Pada periode ini, umat Islam Spanyol mencapai puncak kemajuan dan kejayaan
menyaingi kejayaan Daulah Abbasiyah di Baghdad. Abdurrahman Al-Nasir mendirikan
Universitas Cordova. Ia mendahului Al-Azhar Kairo dan Nizhamiyah Baghdad, juga
menarik minat para siswa Kristen dan Muslim, baik di Spanyol maupun wilayah-wilayah
lain Eropa, Afrika, dan Asia.
Akhirnya pada tahun 1013 M, Dewan Menteri yang memerintah Cordova
menghapuskan jabatan khalifah. Ketika itu Spanyol terpecah dalam banyak negara
kecil yang berpusat di kota-kota tertentu.

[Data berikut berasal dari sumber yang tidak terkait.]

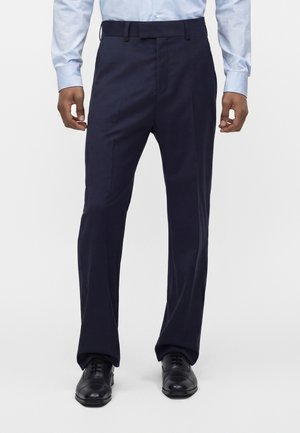 Hombre con pantalones de vestir azul marino, camisa azul claro abotonada y zapatos de vestir de cuero negro, de pie sobre un fondo sencillo.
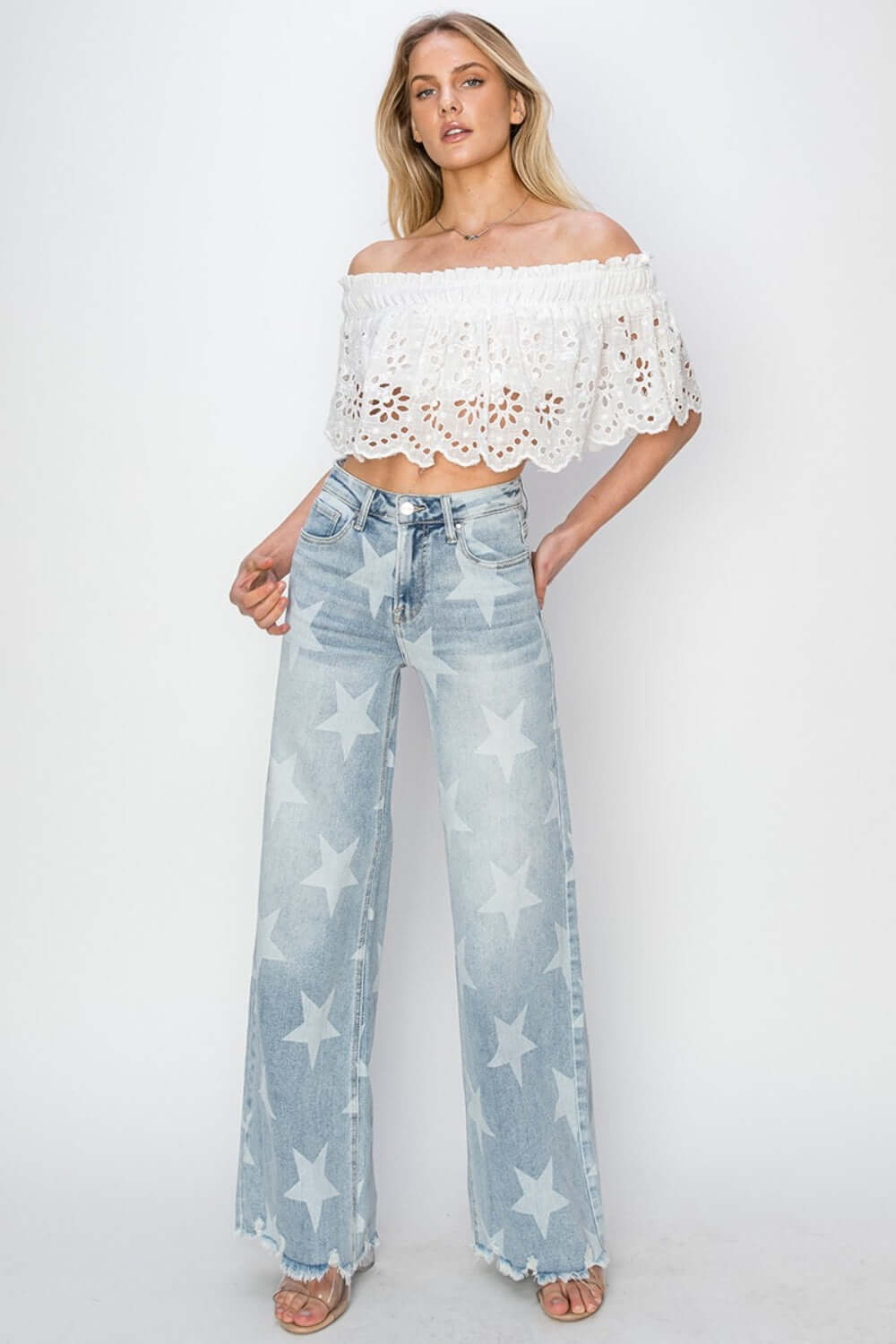 Woman wearing Risen Jeans Full Size Raw Hem Star Wide Leg Jeans with white off-shoulder top, showcasing trendy and fashionable wide-leg denim.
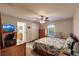 Bedroom with floral bedding, ceiling fan, and wooden dresser at 5325 Cillette Ave, North Port, FL 34288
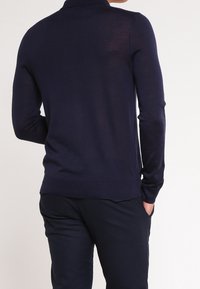 Pull bleu marine avec col polo, manches longues et silhouette ajustée. Confectionné en tissu léger avec une texture lisse.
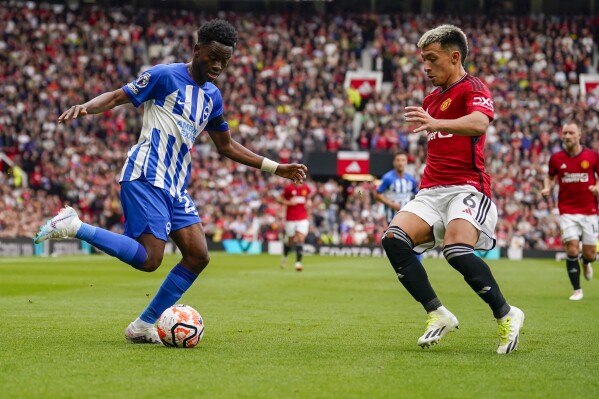 Brighton's Simon Adingra, left, dribbles the ball against Manchester United's Lisandro Martinez during the English Premier League soccer match between Manchester United and Brighton and Hove Albion at Old Trafford stadium in Manchester, England, Saturday, Sept. 16, 2023. (AP Photo/Dave Thompson)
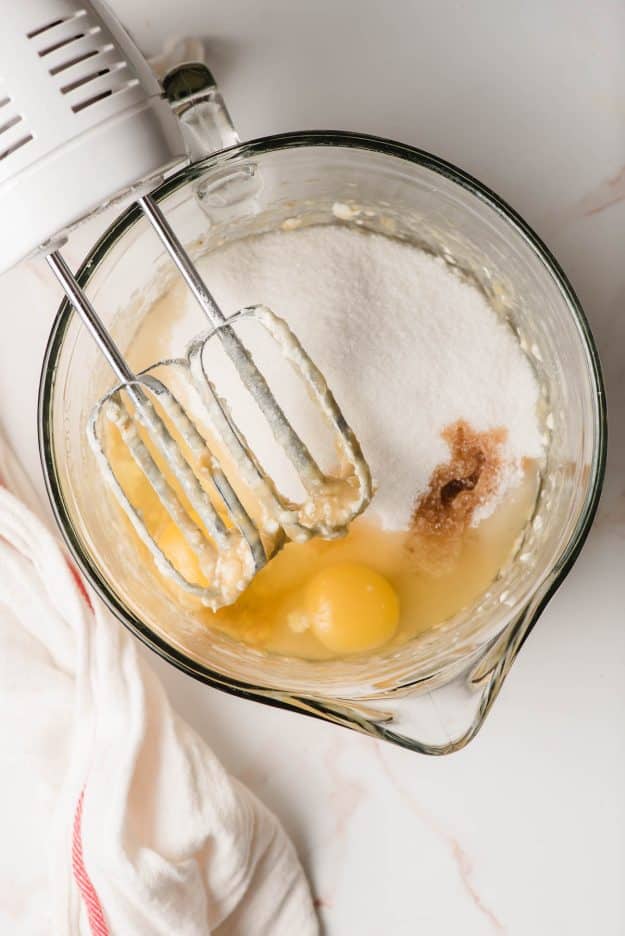 Electric beater beating eggs, sugar, and vanilla into butter and bananas.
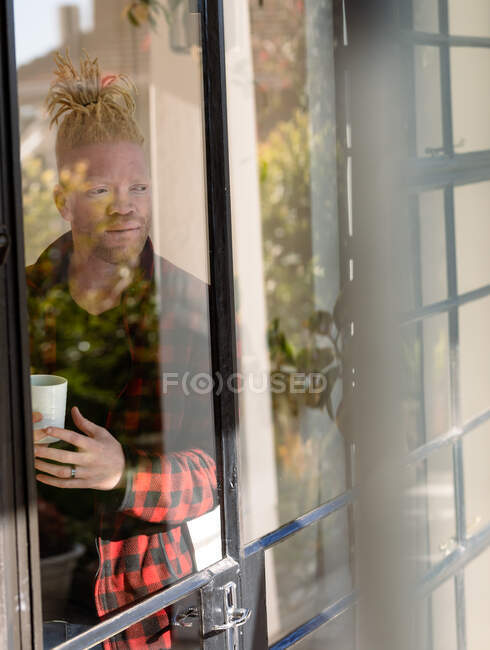 Thoughtful albino african american man with dreadlocks drinking coffee. remote working using technology at home. — Stock Photo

4. Periode Keempat (1013-1086 M)
Pada periode
ini, Spanyol terpecah menjadi lebih dari tiga puluh Negara kecil di bawah pemerintahan raja-raja golongan atau Al-Mulukuth Thawaif yang terpusat di
suatu kota seperti Seville, Cordova, Tolado, dan sebagainya. Negara kecil yang
terbesar diantaranya adalah Abbadiyah di Seville. Pada periode ini, umat Islam
memasuki masa pertikaian intern. Ironisnya, jika terjadi perang saudara,
pihak-pihak yang bertikai itu meminta bantuan kepada raja-raja kristen. Melihat
kelemahan dan kekacauan yang menimpa keadaan politik islam, untuk pertama
kalinya orang-orang Kristen pada periode ini, mulai mengambil inisiatif
penyerangan. Meskipun kehidupan politik tidak stabil, kehidupan intelektual
terus berkembang pada periode ini. Istana-istana mendorong para sarjana
sastrawan untuk mendapatkan perlindungan dari satu istana ke istana yang lain.[16]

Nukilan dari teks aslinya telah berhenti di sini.